Columbia Wrestling and Henry Littlefield 2-8-03

February 8, 2003


Dear Friends,


Linda and I had the distinct pleasure of joining Doug Garr (MVHS 1967, runner-up in the New York State Scholastic Wrestling Championships, and a member of Henry Littlefield’s last great State Championship team) and his brother Andy (AB Davis 1961) at the New York Athletic Club on Friday night, February 7th. The occasion was the 100th anniversary of the first collegiate wrestling program at Columbia. We were able to attend a sensational college wrestling match with the Cornell team (ranked 5th in the nation) matched against Columbia’s excellent squad. The old gymnasium was jammed with a vociferous and enthralled crowd. Cornell won 23-12, but each match was well contested. One of the highlights of the evening was the introduction of Dan Gable, the greatest name in American amateur wrestling. I have included a biography of the legendary Gable with this letter. I also had the pleasure of meeting Andy Fitch (a former NCAA wrestling champion) who was a member of Yale’s class of 1954. I had last seen Andy Fitch in 1972 when Henry, Andy and Randy Forrest worked on an all-star wrestling extravaganza in Bethlehem, Pennsylvania. It had also been almost 30 years since we had been up in the NYAC to see Henry coaching some of his Amherst wrestlers in the Eastern and Metropolitan AAUs. Its funny that so many of the names I remembered from 30+ years ago are still around, a bit grayer, a bit paunchier, and still part of the small hoary world of wrestling.
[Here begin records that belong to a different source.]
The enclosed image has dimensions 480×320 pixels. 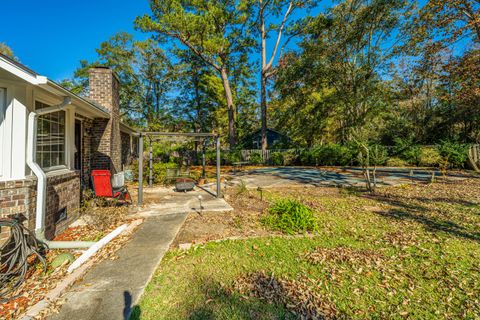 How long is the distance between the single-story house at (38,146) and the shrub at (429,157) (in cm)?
1906

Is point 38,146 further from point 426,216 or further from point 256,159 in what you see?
point 256,159

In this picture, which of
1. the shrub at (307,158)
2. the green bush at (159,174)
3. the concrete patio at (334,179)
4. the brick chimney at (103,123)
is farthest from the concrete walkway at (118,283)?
the shrub at (307,158)

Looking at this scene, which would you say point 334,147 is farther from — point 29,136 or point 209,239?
point 29,136

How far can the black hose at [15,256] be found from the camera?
2.46 m

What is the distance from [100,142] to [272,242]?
6.10 meters

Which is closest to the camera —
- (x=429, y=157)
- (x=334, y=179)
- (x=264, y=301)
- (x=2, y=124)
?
(x=264, y=301)

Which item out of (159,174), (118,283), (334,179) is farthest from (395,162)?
(118,283)

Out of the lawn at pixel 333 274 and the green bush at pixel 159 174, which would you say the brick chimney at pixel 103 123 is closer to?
the green bush at pixel 159 174

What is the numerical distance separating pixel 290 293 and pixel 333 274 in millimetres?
732

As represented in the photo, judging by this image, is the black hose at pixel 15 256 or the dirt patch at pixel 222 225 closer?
the black hose at pixel 15 256

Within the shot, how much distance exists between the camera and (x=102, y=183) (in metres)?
5.16

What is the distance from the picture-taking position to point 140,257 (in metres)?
3.09

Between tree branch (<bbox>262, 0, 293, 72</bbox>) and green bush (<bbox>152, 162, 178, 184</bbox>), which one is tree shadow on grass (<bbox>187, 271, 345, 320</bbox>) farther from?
tree branch (<bbox>262, 0, 293, 72</bbox>)

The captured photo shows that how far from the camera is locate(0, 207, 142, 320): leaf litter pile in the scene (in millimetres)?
2231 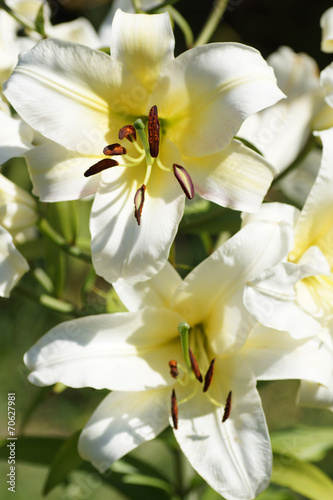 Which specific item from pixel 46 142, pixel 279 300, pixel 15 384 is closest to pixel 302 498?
pixel 15 384

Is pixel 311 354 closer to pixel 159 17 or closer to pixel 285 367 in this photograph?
pixel 285 367

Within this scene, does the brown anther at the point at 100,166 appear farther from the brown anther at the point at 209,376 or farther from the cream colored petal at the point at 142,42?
the brown anther at the point at 209,376

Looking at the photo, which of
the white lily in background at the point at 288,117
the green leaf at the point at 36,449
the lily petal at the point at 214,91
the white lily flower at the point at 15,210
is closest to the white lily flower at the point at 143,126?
the lily petal at the point at 214,91

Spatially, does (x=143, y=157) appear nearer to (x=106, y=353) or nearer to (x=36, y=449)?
(x=106, y=353)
The next day I wandered down from Tarrytown to Columbia’s Lou Gehrig Lounge to visit with the hundred or so Columbia wrestling veterans from the last 6 decades. Immediately I met Ernie Alleva, who competed for Rye HS in the 1970’s and wrestled with our Westchester Athletic Club team for a season. Eventually, though, I met Michael Shlanger, (AB Davis 1961, and Columbia 1965), whom I originally came to see, and we reminisced about some of the old time days at (AB Davis) and our separate but treasured memories of Henry Littlefield. As I talked to some of the other more “mature” guests, I was able to meet a dozen or so members of the 1952-57 wrestling teams that knew Henry as a competitor and a man. They to a one felt his loss keenly. It was a wonderful and unique two hours filled with joy and tears. I am sure that I will not have this type of opportunity again.